The code does the following:

Split data into train and test using a custom function that groups/clusters the data
Estimate a linear fixed effect model with train and test data
Calculate RMSE and tstat to verify independence of residuals
Prints RMSE, SE, and tstat from cross-validation exercise.

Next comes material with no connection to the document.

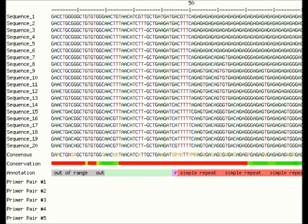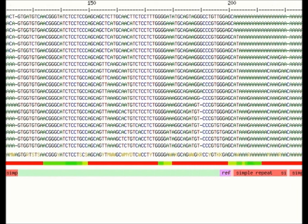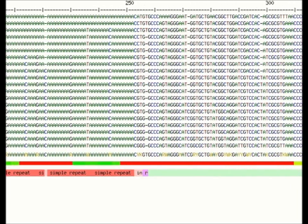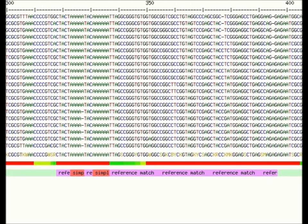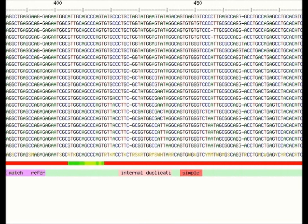Here you can see the graphical output which contains the alignment, the consensus sequence, a bar that indicates sequence conservation, and a bar with further sequence annotation. Besides stretches of simple repeats, it also shows parts of the alignment that match to the reference, in this case a collection of transposable element sequences.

Note: the code downloads a remote data set, so the code can be run on its own.

Code

from urllib import request
from scipy import stats
import pandas as pd
import numpy as np
import statsmodels.api as sm

print("Defining functions......")

def main():
    """
    Estimate baseline and degree day regression.

    Returns:
        data.frame with RMSE, SE, and tstats
    """
    # Download remote from github
    print("Downloading custom data set from: ")
    print("https://github.com/johnwoodill/corn_yield_pred/raw/master/data/full_data.pickle")
    file_url = "https://github.com/johnwoodill/corn_yield_pred/raw/master/data/full_data.pickle"
    request.urlretrieve(file_url, "full_data.pickle")
    cropdat = pd.read_pickle("full_data.pickle")

    # Baseline WLS Regression Cross-Validation with FE and trends
    print("Estimating Baseline Regression")
    basedat = cropdat[['ln_corn_yield', 'trend', 'trend_sq', 'corn_acres']]
    fe_group = pd.get_dummies(cropdat.fips)
    regdat = pd.concat([basedat, fe_group], axis=1)
    base_rmse, base_se, base_tstat = felm_cv(regdat, cropdat['trend'])

    # Degree Day Regression Cross-Validation
    print("Estimating Degree Day Regression")
    dddat = cropdat[['ln_corn_yield', 'dday0_10C', 'dday10_30C', 'dday30C',
                     'prec', 'prec_sq', 'trend', 'trend_sq', 'corn_acres']]
    fe_group = pd.get_dummies(cropdat.fips)
    regdat = pd.concat([dddat, fe_group], axis=1)
    ddreg_rmse, ddreg_se, ddreg_tstat = felm_cv(regdat, cropdat['trend'])

    # Get results as data.frame
    fdat = {'Regression': ['Baseline', 'Degree Day',],
            'RMSE': [base_rmse, ddreg_rmse],
            'se': [base_se, ddreg_se],
            't-stat': [base_tstat, ddreg_tstat]}

    fdat = pd.DataFrame(fdat, columns=['Regression', 'RMSE', 'se', 't-stat'])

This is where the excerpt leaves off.